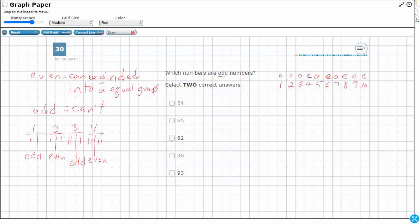But nine has to be five and four, so nine is odd. I can continue this pattern: eleven will be odd, twelve will be even, thirteen is odd, fourteen will be even, fifteen will be odd, sixteen will be even, seventeen will be odd, eighteen will be even, nineteen will be odd. So here's my pattern.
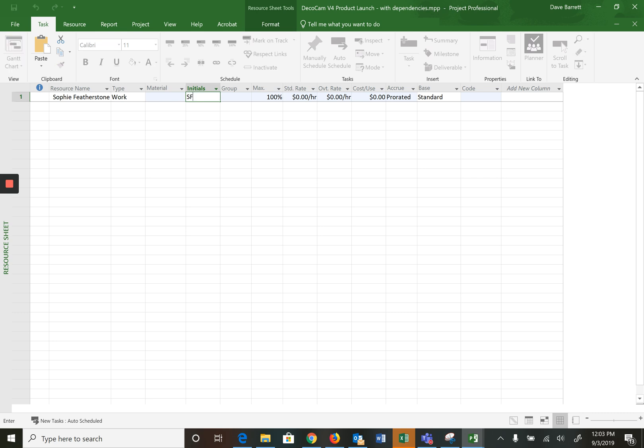It's a work resource. We'll talk about that more in another video. There's an initials column which can be used in some reports. There's a maximum field. This is the maximum amount this resource is available to the project, so 100% means eight hours per day. Now project managers in DecoCam Productions normally work on other things, not just one project at a time, so we're going to set that to be 50%.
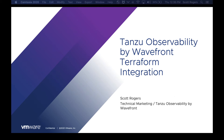Hello, my name is Scott Rogers, and I'm the Technical Marketing Manager for VMware Tanzu Observability by Wavefront. In this video, we're going to look at how to use the Wavefront provider for Terraform to manage resources in your Wavefront environment.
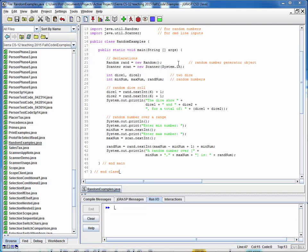So what we do here is we first set up random and scanner objects at the top of our file. We declare a couple of variables that we'll need. These are two dice roll values, min and max values, and a generated random number.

WHAT THE TASK REQUIRES:
Repeat the data above word for word, without pictures.

SOLUTION:
But nine has to be five and four, so nine is odd. I can continue this pattern: eleven will be odd, twelve will be even, thirteen is odd, fourteen will be even, fifteen will be odd, sixteen will be even, seventeen will be odd, eighteen will be even, nineteen will be odd. So here's my pattern.
It's a work resource. We'll talk about that more in another video. There's an initials column which can be used in some reports. There's a maximum field. This is the maximum amount this resource is available to the project, so 100% means eight hours per day. Now project managers in DecoCam Productions normally work on other things, not just one project at a time, so we're going to set that to be 50%.
Hello, my name is Scott Rogers, and I'm the Technical Marketing Manager for VMware Tanzu Observability by Wavefront. In this video, we're going to look at how to use the Wavefront provider for Terraform to manage resources in your Wavefront environment.
So what we do here is we first set up random and scanner objects at the top of our file. We declare a couple of variables that we'll need. These are two dice roll values, min and max values, and a generated random number.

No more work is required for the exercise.